Édito | En matière scolaire, les projets des droites extrêmes, conservatrices ou libérales s’entrelacent, s’interpénètrent et s’alimentent mutuellement
Il n’est pas dans nos intentions de vouloir mêler et confondre toutes les menaces que les droites font peser aujourd’hui sur l’école publique comme si elles procédaient d’intentions identiques. Nous savons les traits singuliers de l’extrême-droite et la nature particulière du refus qu’il faut opposer à leur vision de l’école. Nous connaissons les multiples divergences qui opposent, parfois au sein même des partis, leurs conceptions de la politique scolaire. Mais nous ne pouvons pas davantage nous satisfaire d’une distinction absolue qui séparerait d’un bord, les attaques conservatrices qui veulent faire de l’école le vecteur idéologique du maintien des valeurs réactionnaires et de l’autre, les volontés ultralibérales qui raisonnent la question scolaire dans les perspectives d’une mise en marché. Les cinq ans d’exercice de pouvoir ministériel de Jean-Michel Blanquer ont tout particulièrement contribué à montrer comment, en matière scolaire, les projets des droites extrêmes, conservatrices ou libérales s’entrelacent, s’interpénètrent, s’alimentent mutuellement en jouant tantôt sur leurs oppositions, tantôt sur leurs opportunités d’alliance.

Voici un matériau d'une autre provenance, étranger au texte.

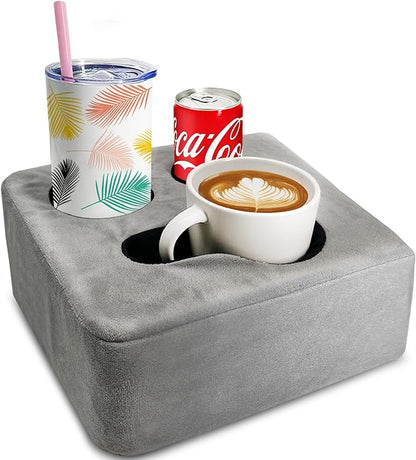 Couch Cup Holder Pillow Tray & Caddy - for Sofa, Bed, Car, Man Cave | Keep Drinks at Hand & Spill-Proof Accessories for New Parents, Camping, Park, Boat, Beach, Bathroom Cup Holder, Gray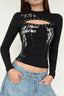 Studded Cutout Graphic Print Crop Tops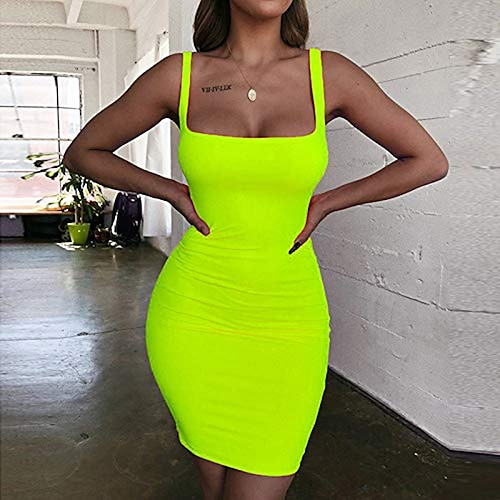 

abito con cinturino da donna mini abito verde fluorescente nero rosso senza maniche colore puro primavera estate sexy 2023 s m l xl
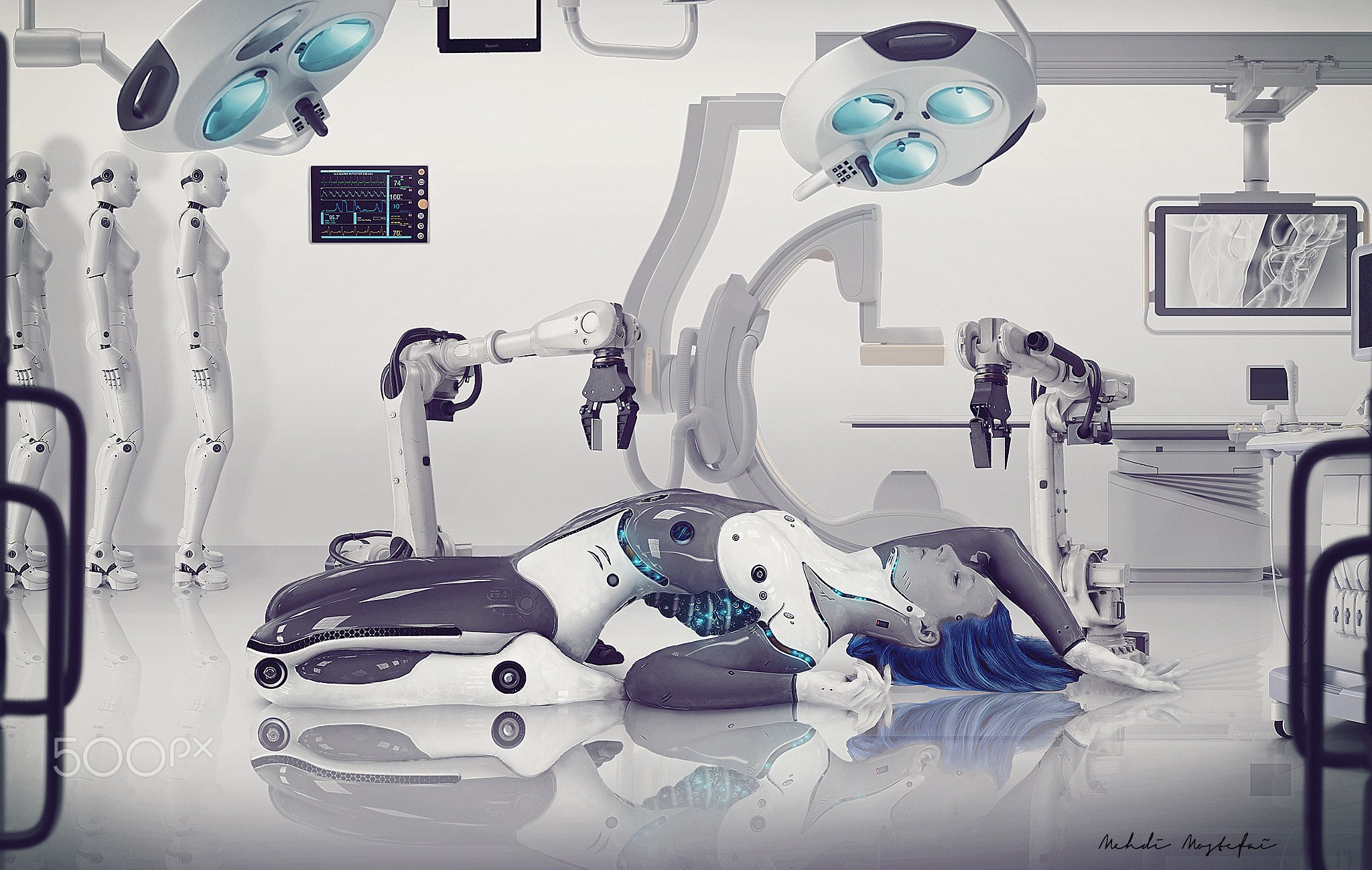 Futuristic operating room with cyborg and robots HD Wallpaper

Le discours sur les « fondamentaux » en offre l’exemple. Pour les uns, il s’agit de recouvrer l’idéalité fantasmée d’une école de l’ordre et de l’autorité… pour les autres, il s’agit davantage de rationaliser l’enseignement vers les seules compétences indispensables à l’employabilité. Nul doute que ce ne sont pas les mêmes visions sociales qui émergent de chacune de ses perspectives mais pour autant, elles permettent le discours commun qui, paré des atours rhétoriques d’une volonté de démocratisation, a nourri la progressive dégradation des réalités égalitaires de notre système scolaire.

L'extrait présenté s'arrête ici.